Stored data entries
○ ○ ○

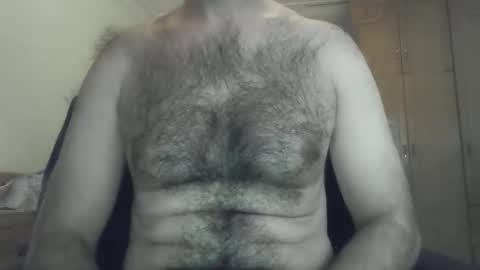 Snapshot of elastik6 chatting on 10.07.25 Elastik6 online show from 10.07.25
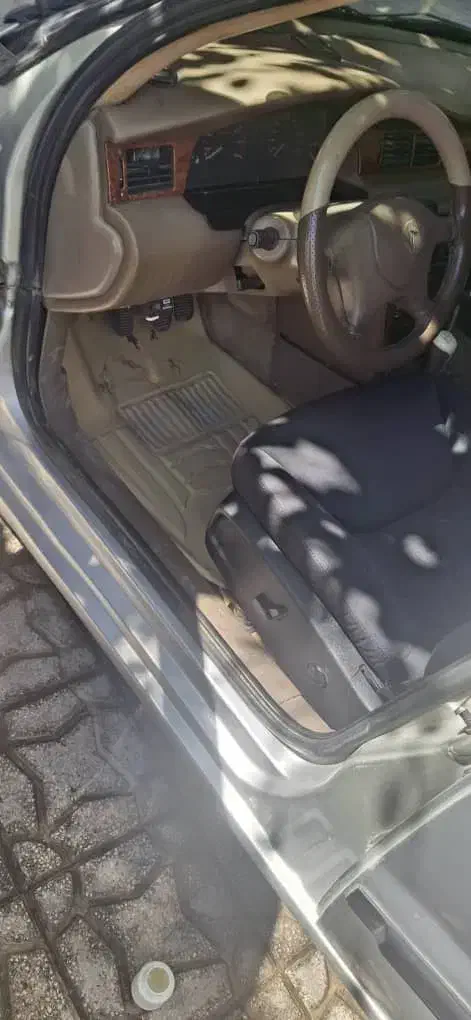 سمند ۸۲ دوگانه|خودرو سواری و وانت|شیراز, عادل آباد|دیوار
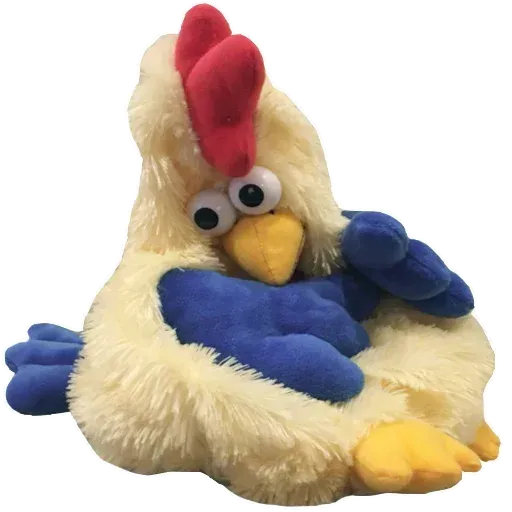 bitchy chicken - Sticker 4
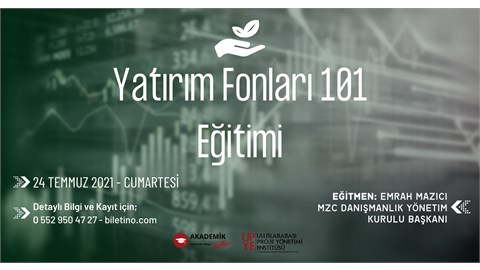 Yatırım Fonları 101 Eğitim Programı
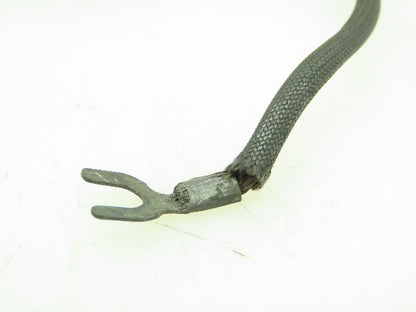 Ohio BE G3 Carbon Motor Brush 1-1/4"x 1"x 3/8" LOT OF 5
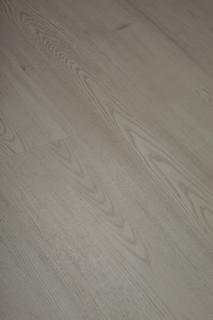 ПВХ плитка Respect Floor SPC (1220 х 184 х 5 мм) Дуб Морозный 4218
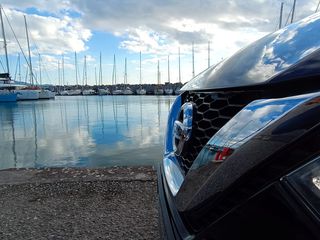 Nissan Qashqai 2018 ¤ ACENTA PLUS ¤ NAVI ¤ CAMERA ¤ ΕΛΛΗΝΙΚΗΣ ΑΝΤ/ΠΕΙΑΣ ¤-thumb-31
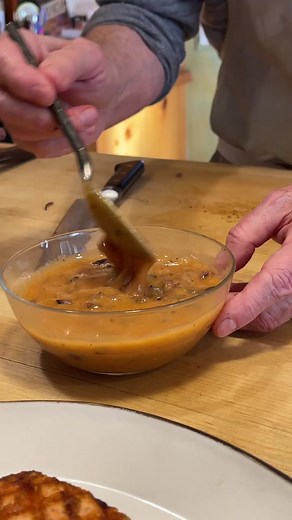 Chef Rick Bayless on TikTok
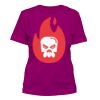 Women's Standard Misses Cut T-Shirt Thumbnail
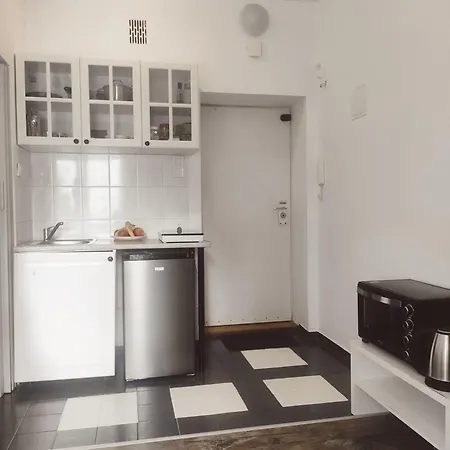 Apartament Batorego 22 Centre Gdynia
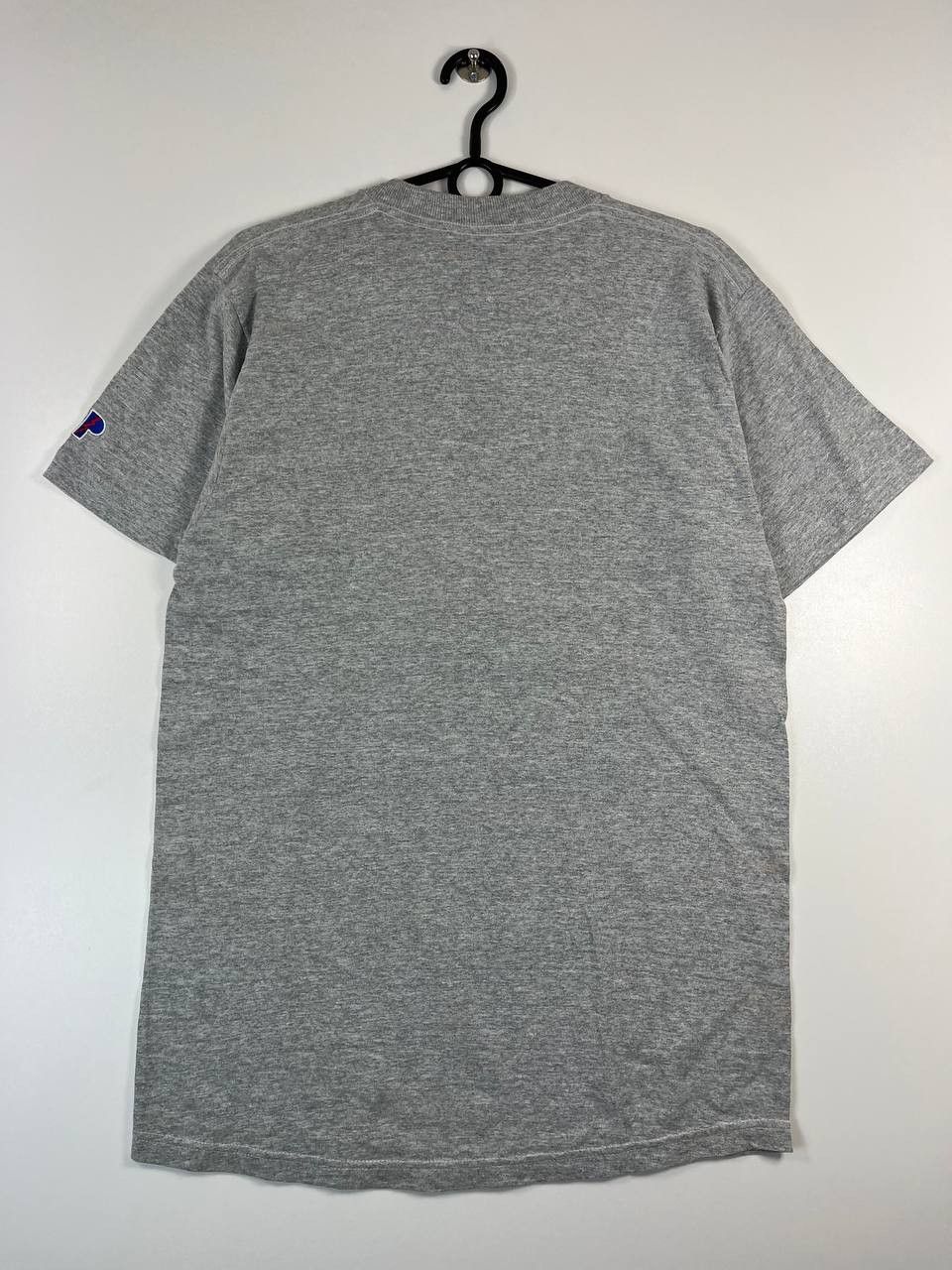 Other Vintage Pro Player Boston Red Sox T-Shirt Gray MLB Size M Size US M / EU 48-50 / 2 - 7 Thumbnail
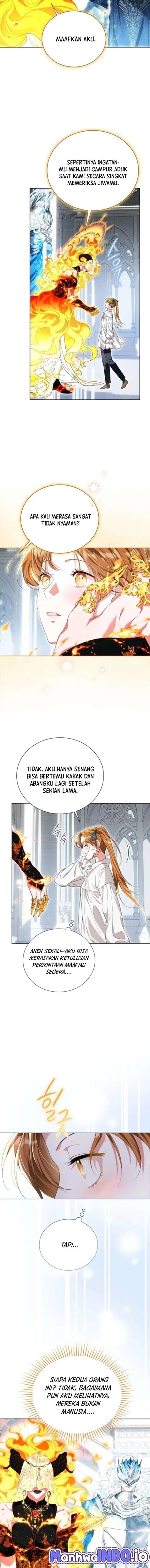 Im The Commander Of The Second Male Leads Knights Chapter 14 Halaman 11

○ ○ ○

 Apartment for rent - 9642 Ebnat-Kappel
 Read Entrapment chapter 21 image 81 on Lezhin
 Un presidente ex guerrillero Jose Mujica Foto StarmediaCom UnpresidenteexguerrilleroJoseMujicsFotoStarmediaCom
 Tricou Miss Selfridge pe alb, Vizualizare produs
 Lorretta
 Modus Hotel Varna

○ ○ ○

=== Exercise description ===
Among the entries above, take the line with "Apartament Batorego 22 Centre Gdynia", the line with "Im The Commander", and all the lines between them, and restate them word for word without pictures.

=== Problem solution ===
 Apartament Batorego 22 Centre Gdynia
 Other Vintage Pro Player Boston Red Sox T-Shirt Gray MLB Size M Size US M / EU 48-50 / 2 - 7 Thumbnail
 Im The Commander Of The Second Male Leads Knights Chapter 14 Halaman 11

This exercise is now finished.